There is _mm_div_ps for floating-point values division, there is _mm_mullo_epi16 for integer multiplication. But is there something for integer division (16 bits value)? How can i conduct such division?
Please see Agner Fog's vectorclass he has implemented a fast algorithm to do integer division with SSE/AVX for 8-bit, 16-bit, and 32-bit words (but not 64-bit) http://www.agner.org/optimize/#vectorclass
Look in the file vectori128.h for the code and a description of the algoirthm as his well written manual VectorClass.pdf
Here is a fragment describing the algorithm from his manual.
"Integer division There are no instructions in the x86 instruction set and its extensions that are useful for integer vector division, and such instructions would be quite slow if they existed. Therefore, the vector class library is using an algorithm for fast integer division. The basic principle of this algorithm can be expressed in this formula: a / b ≈ a * (2n / b) >> n This calculation goes through the following steps: 1. find a suitable value for n 2. calculate 2n / b 3. calculate necessary corrections for rounding errors 4. do the multiplication and shift-right and apply corrections for rounding errors
This formula is advantageous if multiple numbers are divided by the same divisor b. Steps 1, 2 and 3 need only be done once while step 4 is repeated for each value of the dividend a. The mathematical details are described in the file vectori128.h. (See also T. Granlund and P. L. Montgomery: Division by Invariant Integers Using Multiplication, Proceedings of the SIGPLAN."...
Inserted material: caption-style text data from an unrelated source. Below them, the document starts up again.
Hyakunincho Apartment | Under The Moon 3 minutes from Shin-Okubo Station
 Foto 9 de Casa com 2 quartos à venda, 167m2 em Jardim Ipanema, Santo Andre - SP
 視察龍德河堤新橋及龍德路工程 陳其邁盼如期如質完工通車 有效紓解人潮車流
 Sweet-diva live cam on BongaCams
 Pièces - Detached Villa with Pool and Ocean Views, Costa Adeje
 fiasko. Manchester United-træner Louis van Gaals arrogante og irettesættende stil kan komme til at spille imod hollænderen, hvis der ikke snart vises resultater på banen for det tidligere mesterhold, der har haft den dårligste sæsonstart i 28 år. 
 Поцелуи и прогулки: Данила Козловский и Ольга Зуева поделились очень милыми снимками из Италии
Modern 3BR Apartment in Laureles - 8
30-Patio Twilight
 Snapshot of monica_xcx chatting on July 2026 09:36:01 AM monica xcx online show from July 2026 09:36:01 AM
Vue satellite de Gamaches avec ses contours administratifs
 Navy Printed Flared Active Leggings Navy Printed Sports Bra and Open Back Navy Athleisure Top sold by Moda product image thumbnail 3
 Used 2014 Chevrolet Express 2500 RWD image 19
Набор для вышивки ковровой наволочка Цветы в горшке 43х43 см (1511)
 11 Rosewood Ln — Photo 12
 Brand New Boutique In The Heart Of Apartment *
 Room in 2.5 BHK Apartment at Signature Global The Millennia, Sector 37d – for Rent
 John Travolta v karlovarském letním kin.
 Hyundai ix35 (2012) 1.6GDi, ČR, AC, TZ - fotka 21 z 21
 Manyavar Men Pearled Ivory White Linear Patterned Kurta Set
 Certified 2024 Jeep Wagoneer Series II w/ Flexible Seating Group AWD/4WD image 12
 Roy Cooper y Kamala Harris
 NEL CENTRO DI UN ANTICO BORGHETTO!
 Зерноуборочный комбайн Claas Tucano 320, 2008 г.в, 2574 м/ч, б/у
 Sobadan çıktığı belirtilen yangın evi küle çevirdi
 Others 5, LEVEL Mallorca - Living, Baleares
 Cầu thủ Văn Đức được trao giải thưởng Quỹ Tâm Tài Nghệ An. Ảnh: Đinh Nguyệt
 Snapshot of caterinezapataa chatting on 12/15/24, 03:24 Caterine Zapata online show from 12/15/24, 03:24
Edit: near the end of the file vectori128.h shows how to do short division with a scalar variable "It takes more time to compute the parameters used for fast division than to do the division. Therefore, it is advantageous to use the same divisor object multiple times. For example, to divide 80 unsigned short integers by 10:
short x = 10;
uint16_t dividends[80], quotients[80]; // numbers to work with
Divisor_us div10(x); // make divisor object for dividing by 10
Vec8us temp; // temporary vector
for (int i = 0; i < 80; i += 8) { // loop for 4 elements per iteration
temp.load(dividends+i); // load 4 elements
temp /= div10; // divide each element by 10
temp.store(quotients+i); // store 4 elements
}
"
Edit: integer division by a vector of shorts
#include <stdio.h>
#include "vectorclass.h"
int main() {
short numa[] = {10, 20, 30, 40, 50, 60, 70, 80};
short dena[] = {10, 20, 30, 40, 50, 60, 70, 80};
Vec8s num = Vec8s().load(numa);
Vec8s den = Vec8s().load(dena);
Vec4f num_low = to_float(extend_low(num));
Vec4f num_high = to_float(extend_high(num));
Vec4f den_low = to_float(extend_low(den));
Vec4f den_high = to_float(extend_high(den));
Vec4f qf_low = num_low/den_low;
Vec4f qf_high = num_high/den_high;
Vec4i q_low = truncate_to_int(qf_low);
Vec4i q_high = truncate_to_int(qf_high);
Vec8s q = compress(q_low, q_high);
for(int i=0; i<8; i++) {
printf("%d ", q[i]);
} printf("\n");
}